Is the quarter coin unique to the US and Canada?

The three cent coin in the US was invented to facilitate purchasing a first class stamp without having to make change(which was in short supply).

That sounds queer.

I have a Chatham Islands $3 note. The Chathams are a dependency of New Zealand and are rather remote. They minted notes for $1 through to $9 (or was it $10) for use during the year 2000. They were never legal tender but were an accepted form of currency on the island during that time. No, I don’t get how that works.

New Zealand also has a $150 gold coin that is legal tender. Legal tender officially anyway. It was minted as a commemorative coin and did not go into general circulation. IIRC, only a thousand were minted and they cost $650 to buy. The point being that if someone wanted to buy goods or services using that coin then you would be obligated to honour its $150 face value. I doubt that it has actually happened.

The US did mint a 20-cent piece for a while in the 19th century. It wasn’t very popular and they soon stopped making them. The main reason was that silver coins were thought to get their value from the amount of silver in the coin. Since the 20-cent piece was similar in value to the quarter, it perforce had to be a very similar size. So they were frequently mixed up (they had virtually the same obverse, which also contributed to this).

Note that it was a 20-cent piece and not a 2-dime piece. Not sure why they denominated them that way.

Despite the name, that’s a very different coin. The original eagle was a specie coin worth (and labeled) ten dollars. It was meant for circulation. Not sure why they weren’t labeled “one eagle” instead of ten dollars. You’d think that if eagle were an official denomination, they’d be labeled with it, just as the dime is labeled “one dime”.

What you linked to is a bullion coin not meant for circulation. Wikipedia calls it an American Gold Eagle. It has a nominal value of $50, but that’s mainly because official coinage tends to have more appeal to gold traders than other forms of gold. It’s actual value is whatever the price of gold is.
BTW, the US also once minted a $3 gold coin.

But pesetas weren’t a division of a unit, they were the unit; the peseta was divided in céntimos and there were 5, 10, 25 and 50 céntimos coins in use as recently as the 1980s .

All the Scandinavian countries had 25 øre coins. While Sweden and Norway on the way to eliminating the øre coins got rid of everything but the 10 and 50 øre in the 80s, Denmark instead kept just the 25 and 50 øre and kept them until 2008.

That’s not what legal tender means. Legal tender relates to settling debts, not making purchases etc. Legal tender - Wikipedia

But that reminds me, when I was in Rarotonga I picked up a Cook Islands $3 note. As well as the unusual denomination, it is “notable” for being mildly NSFW.

This is correct. That’s how I remember it too.

NO SHIT, Sherlock?

Did you completely miss the quote that I was replying to?

Seriously dude, read for comprehension before you decide to lecture people. :rolleyes:

You missed my point.
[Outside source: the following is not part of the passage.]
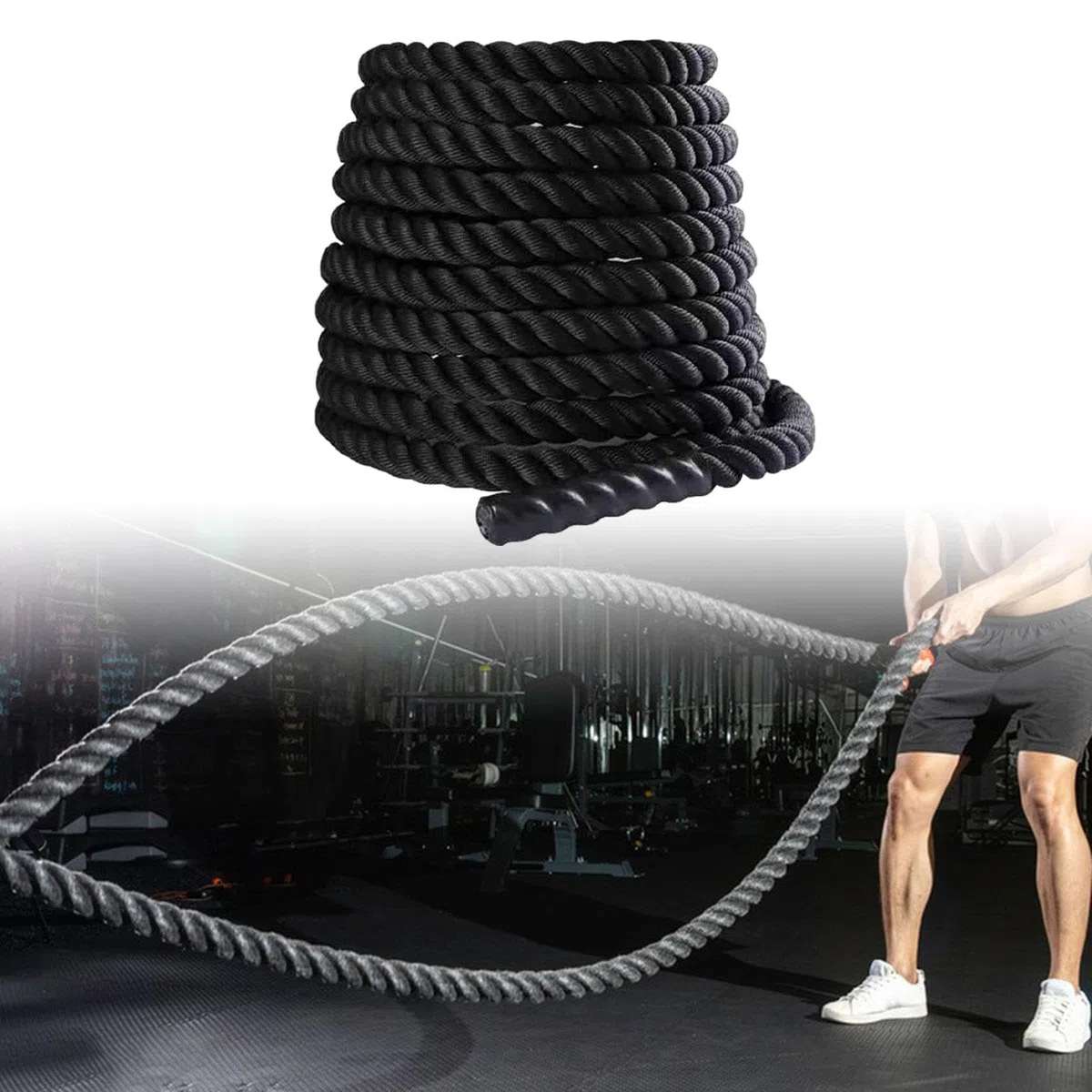 Cuerda de Batalla Cuerda de Ejercicio Cuerda de Escalada Duradera Cuerda de Entrenamiento Ejercicio Cuerdas Pesadas, 25 mm x 2.8 m Negro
The current Eagle is totally unrelated to the Eagle of yore. You and OldGuy are conflating the two.

As the point of it using the same name for a different purpose goes whooshing over your head. :rolleyes:

I just did a quick search and found coins in current usage of 25 units in quite a few countries. Not all are fractional , as inflation in many countries has reduced the primary base unit to less than any practical denomination for a coin. Those with coins of 25 units include:

Israel, Philippines, Turkey, Romania, Malaysia, Egypt, Iraq, Pakistan, Argentina, Surinam, Indonesia. The Indian 25 paise was recently retired, and no doubt a few of those above have suffered a similar demise.

[Moderator Note]

Chimera, dial it back. There’s no need for the snark and rolleyes. No warning issued, but keep it civil.

Colibri
General Questions Moderator

Candy bars and dollar store-type items tend to cost a bit more in Korea, since they’re even less likely to be produced domestically than their American equivalents. The 500 won coin fills the same approximate role in Korea that the quarter fills in America (although a bag of a thousand of them is worth considerably more than a bag of a thousand quarters).

The UK 25p crown (usually commemorative) is still legal tender, although not minted since the 1980s.

(All of the kids at my school were given a commemorative crown for the Queen’s Silver Jubilee in 1977 - I remember some of my friends just spending them straight away)

And Thailand, as mentioned.

:o German 25 pfennig coin.

My dad collects coins of Europe.

Ah, well, under the German Empire, yes.

Are these commemorative crowns still big cartwheels about the size of a pre-1936 U.S. silver dollar?

I’m certain this is not true. There may have been a 2 1/2 marks coin in one of the pre-1948 systems, like the pre-WWI 25 pfennigs coin we’ve seen. But these were different currencies that only shared the name with the deutschmark (DM) that existed from 1948 until the introduction of the euro.